• [Brief]: Sift through the material below and return the lines with "Point".

• [Data provided]:
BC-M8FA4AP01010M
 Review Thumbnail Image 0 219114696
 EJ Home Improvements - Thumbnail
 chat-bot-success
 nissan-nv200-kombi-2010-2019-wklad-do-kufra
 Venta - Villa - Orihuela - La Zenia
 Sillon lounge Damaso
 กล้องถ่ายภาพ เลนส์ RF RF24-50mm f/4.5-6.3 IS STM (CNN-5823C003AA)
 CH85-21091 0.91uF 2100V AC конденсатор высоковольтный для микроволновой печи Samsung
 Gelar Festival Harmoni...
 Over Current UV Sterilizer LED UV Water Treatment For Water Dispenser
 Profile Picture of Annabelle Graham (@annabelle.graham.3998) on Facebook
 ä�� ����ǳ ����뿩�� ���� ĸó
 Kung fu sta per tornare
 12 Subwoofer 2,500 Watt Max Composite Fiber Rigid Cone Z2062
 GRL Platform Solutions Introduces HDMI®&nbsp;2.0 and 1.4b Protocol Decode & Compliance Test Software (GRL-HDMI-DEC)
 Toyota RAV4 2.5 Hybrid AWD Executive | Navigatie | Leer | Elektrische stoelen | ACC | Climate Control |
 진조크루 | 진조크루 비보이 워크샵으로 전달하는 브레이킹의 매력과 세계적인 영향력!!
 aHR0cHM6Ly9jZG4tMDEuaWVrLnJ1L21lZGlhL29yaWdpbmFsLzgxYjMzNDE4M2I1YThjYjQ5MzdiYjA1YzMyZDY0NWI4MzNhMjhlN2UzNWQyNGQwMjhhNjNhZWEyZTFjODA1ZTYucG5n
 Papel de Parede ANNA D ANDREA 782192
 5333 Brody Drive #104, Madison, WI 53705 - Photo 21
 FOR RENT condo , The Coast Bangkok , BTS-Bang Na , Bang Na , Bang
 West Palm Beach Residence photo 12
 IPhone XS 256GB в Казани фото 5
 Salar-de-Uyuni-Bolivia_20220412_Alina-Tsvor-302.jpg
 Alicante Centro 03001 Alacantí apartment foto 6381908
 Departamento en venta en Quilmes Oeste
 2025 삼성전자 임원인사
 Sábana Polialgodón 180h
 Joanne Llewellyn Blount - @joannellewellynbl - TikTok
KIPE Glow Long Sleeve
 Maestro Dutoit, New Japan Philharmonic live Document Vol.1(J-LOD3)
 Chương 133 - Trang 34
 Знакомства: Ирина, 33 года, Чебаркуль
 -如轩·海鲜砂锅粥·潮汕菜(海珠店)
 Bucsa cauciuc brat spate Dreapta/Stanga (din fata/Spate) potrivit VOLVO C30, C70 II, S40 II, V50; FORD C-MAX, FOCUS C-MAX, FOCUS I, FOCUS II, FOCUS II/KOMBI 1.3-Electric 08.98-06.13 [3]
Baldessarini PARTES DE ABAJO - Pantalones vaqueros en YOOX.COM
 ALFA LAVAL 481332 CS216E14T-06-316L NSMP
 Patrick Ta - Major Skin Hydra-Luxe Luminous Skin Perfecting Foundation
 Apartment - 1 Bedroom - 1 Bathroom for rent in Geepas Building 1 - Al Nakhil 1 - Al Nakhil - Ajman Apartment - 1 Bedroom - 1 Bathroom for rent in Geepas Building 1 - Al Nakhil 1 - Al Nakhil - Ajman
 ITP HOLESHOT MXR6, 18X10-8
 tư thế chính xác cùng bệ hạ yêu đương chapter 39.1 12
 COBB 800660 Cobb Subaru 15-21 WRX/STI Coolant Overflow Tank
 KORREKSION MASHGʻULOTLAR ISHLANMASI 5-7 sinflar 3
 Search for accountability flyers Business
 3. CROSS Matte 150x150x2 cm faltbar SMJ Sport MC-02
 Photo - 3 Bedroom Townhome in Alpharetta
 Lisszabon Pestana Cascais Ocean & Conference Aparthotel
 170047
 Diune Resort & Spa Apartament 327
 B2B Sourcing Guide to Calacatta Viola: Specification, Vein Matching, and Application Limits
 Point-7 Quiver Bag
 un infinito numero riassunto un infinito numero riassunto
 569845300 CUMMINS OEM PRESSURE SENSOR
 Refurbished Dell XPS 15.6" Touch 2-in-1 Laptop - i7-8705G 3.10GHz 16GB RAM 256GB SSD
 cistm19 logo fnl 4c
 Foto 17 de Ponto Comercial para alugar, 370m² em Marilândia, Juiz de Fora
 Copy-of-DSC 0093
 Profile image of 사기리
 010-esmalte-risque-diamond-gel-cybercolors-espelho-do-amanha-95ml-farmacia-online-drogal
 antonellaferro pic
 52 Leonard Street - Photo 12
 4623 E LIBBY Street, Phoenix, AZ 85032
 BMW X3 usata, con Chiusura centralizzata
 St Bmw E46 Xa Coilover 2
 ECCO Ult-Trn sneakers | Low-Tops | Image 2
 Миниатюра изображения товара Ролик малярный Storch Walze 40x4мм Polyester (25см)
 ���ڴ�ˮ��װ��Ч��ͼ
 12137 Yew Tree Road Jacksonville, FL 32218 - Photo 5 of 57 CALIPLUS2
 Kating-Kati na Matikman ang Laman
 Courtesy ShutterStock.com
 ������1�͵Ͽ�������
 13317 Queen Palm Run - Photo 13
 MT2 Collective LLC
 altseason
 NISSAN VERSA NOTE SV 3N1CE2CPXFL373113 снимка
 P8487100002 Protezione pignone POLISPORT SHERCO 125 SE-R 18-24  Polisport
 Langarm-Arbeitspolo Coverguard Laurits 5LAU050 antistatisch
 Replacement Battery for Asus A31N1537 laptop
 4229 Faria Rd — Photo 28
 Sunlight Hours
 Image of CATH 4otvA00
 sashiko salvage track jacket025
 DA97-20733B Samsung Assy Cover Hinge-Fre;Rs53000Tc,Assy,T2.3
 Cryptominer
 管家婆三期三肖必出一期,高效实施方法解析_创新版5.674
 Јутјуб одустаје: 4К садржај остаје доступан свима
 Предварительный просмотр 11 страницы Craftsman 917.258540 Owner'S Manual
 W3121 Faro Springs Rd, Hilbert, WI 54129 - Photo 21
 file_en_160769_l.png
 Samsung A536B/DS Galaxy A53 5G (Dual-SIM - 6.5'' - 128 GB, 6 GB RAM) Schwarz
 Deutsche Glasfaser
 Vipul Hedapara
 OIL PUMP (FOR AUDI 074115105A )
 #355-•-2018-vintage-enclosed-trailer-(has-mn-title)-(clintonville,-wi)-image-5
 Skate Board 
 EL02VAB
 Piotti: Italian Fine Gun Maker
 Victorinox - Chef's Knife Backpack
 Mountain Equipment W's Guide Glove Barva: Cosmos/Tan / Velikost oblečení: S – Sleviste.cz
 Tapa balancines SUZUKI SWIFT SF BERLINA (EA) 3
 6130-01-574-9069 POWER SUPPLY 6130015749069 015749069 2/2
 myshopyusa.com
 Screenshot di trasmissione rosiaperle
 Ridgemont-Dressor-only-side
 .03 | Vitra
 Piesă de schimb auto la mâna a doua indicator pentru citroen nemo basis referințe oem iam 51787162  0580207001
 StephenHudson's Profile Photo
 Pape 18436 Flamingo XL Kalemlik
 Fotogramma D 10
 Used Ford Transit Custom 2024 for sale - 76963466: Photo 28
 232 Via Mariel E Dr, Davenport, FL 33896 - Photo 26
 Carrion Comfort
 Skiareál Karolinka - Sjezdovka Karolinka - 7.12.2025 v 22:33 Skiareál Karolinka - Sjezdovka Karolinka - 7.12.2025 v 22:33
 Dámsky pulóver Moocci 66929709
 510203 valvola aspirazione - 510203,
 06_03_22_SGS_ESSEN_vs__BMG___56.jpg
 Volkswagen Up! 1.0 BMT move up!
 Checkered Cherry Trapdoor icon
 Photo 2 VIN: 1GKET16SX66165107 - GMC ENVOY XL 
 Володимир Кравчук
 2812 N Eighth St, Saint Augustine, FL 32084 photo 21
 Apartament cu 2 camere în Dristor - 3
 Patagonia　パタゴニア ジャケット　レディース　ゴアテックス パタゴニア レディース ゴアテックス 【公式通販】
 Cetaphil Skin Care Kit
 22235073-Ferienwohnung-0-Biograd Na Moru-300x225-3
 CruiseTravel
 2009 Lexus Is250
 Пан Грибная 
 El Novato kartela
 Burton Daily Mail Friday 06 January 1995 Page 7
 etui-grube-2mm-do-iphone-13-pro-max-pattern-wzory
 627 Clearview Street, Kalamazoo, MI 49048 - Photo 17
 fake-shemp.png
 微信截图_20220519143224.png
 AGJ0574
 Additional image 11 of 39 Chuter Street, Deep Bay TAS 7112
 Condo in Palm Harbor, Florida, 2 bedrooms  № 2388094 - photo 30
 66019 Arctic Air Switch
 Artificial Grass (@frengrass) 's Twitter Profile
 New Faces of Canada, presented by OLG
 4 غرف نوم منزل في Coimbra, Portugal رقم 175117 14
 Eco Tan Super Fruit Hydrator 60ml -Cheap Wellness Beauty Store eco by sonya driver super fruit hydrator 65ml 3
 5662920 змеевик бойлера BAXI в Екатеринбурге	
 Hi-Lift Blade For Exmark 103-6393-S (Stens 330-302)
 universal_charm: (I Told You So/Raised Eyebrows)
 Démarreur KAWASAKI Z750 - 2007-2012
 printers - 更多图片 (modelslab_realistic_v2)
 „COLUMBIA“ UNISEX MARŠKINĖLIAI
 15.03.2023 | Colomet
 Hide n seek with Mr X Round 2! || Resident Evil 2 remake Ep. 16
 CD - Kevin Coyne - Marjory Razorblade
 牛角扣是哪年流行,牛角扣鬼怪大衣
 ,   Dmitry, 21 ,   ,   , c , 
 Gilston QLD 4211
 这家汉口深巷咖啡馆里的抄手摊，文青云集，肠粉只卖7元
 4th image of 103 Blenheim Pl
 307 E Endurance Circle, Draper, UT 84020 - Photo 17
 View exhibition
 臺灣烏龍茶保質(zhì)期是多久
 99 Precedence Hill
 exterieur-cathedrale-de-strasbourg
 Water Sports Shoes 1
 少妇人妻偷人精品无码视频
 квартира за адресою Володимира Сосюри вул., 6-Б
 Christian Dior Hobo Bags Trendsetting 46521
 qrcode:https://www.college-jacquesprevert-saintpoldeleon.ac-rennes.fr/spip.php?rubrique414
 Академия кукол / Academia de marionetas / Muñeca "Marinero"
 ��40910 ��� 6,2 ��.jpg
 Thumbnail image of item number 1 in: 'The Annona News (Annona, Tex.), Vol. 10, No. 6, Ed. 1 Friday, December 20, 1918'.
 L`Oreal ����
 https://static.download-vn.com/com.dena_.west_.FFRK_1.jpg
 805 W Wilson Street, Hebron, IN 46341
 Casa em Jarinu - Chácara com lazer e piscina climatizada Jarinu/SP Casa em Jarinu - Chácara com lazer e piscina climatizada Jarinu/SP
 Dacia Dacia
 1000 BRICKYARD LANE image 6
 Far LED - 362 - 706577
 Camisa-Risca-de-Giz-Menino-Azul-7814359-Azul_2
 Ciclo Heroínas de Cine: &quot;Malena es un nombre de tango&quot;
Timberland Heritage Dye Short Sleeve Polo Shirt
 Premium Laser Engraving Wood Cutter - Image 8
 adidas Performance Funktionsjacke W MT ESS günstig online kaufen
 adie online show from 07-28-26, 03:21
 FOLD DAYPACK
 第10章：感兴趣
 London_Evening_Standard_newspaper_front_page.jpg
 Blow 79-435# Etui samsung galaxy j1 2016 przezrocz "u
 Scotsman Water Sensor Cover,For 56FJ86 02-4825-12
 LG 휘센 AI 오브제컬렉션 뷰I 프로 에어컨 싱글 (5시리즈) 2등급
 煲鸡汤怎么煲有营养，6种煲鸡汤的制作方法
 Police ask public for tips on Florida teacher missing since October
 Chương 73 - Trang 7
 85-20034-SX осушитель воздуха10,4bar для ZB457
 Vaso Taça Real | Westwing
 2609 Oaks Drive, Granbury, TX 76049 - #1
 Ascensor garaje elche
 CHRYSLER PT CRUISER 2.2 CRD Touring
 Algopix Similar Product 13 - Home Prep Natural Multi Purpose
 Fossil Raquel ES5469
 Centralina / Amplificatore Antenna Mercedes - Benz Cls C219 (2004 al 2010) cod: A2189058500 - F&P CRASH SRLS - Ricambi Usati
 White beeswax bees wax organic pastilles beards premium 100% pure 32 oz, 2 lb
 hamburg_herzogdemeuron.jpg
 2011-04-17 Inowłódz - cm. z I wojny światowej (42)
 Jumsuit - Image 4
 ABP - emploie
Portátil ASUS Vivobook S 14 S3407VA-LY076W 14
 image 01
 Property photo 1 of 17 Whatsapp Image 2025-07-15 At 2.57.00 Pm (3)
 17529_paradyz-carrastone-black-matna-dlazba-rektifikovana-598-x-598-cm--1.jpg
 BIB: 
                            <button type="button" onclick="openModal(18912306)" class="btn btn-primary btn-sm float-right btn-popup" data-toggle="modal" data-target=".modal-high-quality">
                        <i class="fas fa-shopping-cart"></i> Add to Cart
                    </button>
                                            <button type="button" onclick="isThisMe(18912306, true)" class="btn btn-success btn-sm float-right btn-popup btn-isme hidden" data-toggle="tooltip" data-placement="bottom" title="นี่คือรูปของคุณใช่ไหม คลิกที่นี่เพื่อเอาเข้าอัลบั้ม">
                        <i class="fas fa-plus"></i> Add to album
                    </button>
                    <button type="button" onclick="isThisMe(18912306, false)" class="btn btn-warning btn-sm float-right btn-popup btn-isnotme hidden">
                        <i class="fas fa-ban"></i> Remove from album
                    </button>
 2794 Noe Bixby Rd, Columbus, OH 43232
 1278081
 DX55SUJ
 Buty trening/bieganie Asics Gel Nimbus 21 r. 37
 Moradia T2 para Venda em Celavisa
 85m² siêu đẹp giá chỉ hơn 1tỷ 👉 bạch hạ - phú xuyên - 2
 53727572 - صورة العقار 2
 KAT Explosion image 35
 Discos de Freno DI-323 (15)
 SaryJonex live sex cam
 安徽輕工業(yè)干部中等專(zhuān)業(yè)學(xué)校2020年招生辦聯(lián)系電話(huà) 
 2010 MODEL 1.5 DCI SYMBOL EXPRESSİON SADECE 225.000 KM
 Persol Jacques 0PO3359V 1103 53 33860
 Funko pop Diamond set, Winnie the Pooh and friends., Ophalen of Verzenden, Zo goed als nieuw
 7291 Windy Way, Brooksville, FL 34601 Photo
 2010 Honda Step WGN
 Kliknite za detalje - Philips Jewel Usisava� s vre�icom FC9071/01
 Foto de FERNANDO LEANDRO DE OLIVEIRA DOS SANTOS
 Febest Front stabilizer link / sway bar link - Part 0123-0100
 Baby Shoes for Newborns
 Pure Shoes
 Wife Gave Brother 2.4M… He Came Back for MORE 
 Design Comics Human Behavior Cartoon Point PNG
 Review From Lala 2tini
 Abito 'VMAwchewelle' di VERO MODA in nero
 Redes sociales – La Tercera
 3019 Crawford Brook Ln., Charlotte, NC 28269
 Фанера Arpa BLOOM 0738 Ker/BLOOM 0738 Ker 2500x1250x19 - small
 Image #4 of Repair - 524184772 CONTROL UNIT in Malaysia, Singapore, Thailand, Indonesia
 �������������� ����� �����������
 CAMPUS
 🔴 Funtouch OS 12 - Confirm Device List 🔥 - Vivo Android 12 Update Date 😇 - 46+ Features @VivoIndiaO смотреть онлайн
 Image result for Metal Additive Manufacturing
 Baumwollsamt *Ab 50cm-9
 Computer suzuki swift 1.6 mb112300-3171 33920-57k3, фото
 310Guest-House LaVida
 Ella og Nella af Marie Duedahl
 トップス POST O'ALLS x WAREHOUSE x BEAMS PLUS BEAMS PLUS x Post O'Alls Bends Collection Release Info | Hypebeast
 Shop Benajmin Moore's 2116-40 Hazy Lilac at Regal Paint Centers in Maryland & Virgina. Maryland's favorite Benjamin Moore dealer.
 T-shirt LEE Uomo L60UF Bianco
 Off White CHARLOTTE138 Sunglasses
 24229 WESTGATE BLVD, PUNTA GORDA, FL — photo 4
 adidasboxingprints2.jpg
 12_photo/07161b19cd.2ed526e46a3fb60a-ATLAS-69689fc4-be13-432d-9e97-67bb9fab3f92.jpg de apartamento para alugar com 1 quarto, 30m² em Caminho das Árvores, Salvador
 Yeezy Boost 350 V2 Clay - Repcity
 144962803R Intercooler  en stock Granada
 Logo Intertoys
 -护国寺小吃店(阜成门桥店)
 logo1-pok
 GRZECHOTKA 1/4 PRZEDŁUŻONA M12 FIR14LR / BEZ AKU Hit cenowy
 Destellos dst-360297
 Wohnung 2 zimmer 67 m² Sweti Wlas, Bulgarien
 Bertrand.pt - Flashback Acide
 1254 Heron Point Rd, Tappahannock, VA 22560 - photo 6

• [Output of the exercise]:
 Point-7 Quiver Bag
 Design Comics Human Behavior Cartoon Point PNG
 1254 Heron Point Rd, Tappahannock, VA 22560 - photo 6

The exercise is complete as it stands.